Professor Tina Beattie - 28/05/2019

Thought for the Day

Available for over a year

Good morning. The EU election results suggest widening political divisions across Europe. I’ve been reflecting on this in the light of two biblical narratives. The story of the tower of Babel in Genesis tells of how, as a common people who all spoke the same language, our mythical ancestors feared being scattered as they spread across the earth. They decided to make a name for themselves by building a city with a tower that reached to the heavens. God said, ‘If as one people speaking the same language they have begun to do this, then nothing they plan to do will be impossible for them.’ So God confused their languages so that they couldn’t understand one another, and scattered them throughout the earth. The story of Babel is sometimes contrasted with that of Pentecost, which Christians will celebrate the Sunday after next. The New Testament Book of Acts describes the Holy Spirit blowing through the house where the followers of Jesus were gathered and settling upon them like tongues of fire. Each began to speak a different language. Crowds came from far and wide to hear them, astounded to discover that each was being addressed in their own native tongue. I think these two stories invite comparison, not contrast. Pentecost heals the divisions of Babel by sanctifying cultural and linguistic differences. This is unity in diversity, not the uniformity sought by those early empire builders of Babel.

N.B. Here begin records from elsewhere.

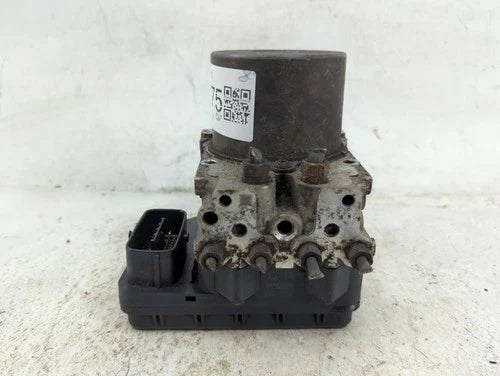 Bomba y módulo ABS 2015 Nissan Pathfinder WNHX1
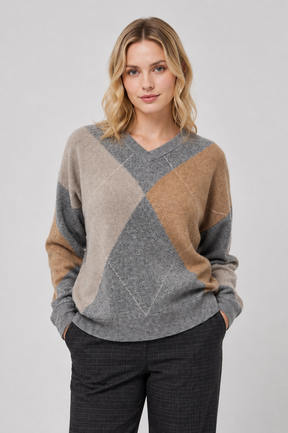Haut - Esqualo - F2602550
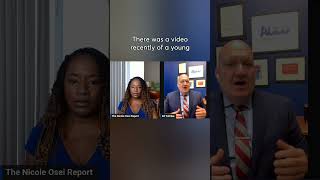 ACLU of Illinois Communication Director Explains the BRUTALITY of ICE AGENTS in CHICAGO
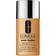 Clinique Even Better Makeup Foundation SPF15 Cream Caramel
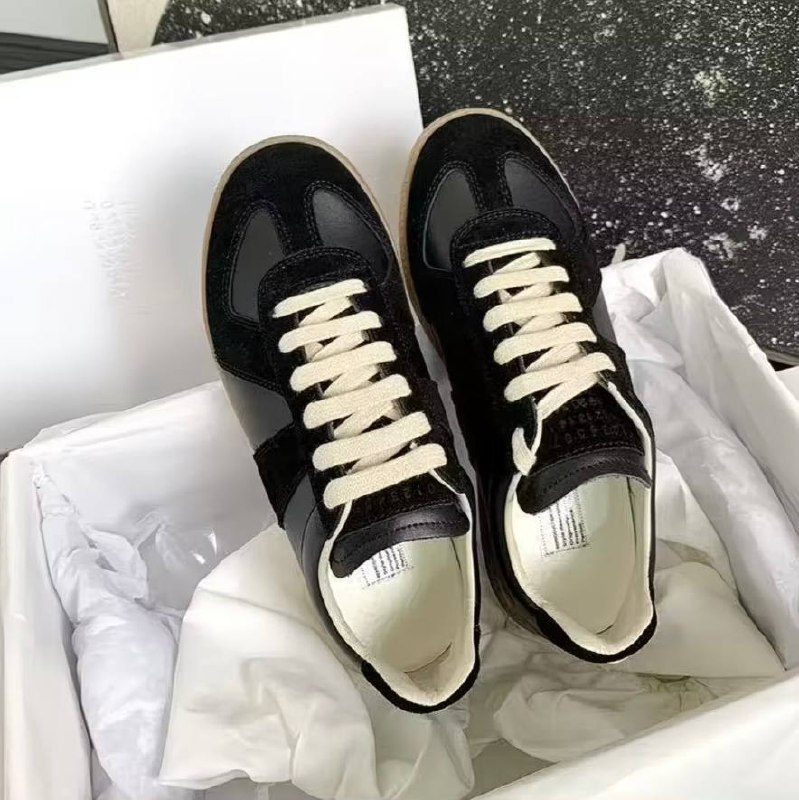 Maison Margiela Replica кроссовки, 45 размер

Among those who voted for leave parties, maybe there are fears that the EU is like the tower of Babel – a homogenising project that will eradicate cultural differences in the service of corporate domination. For those who voted for remain parties, perhaps the EU seems more like a Pentecostal community of harmonising differences by accommodating diverse languages, cultures and religions. I think there’s justification for both these positions, which is why we are experiencing such polarisation and conflict. Yet Brexit or no Brexit, I’m dismayed that there is diminishing demand for modern languages in British schools and universities. Speaking another language means learning to co-habit with others who are different from us, and that is part of what it means to be human. Diversity is an essential aspect of culture as well as of nature. There is no harmony without variety. The challenge we face is to seek unity without uniformity, and to recognise that any identity is enriched by encountering difference and otherness.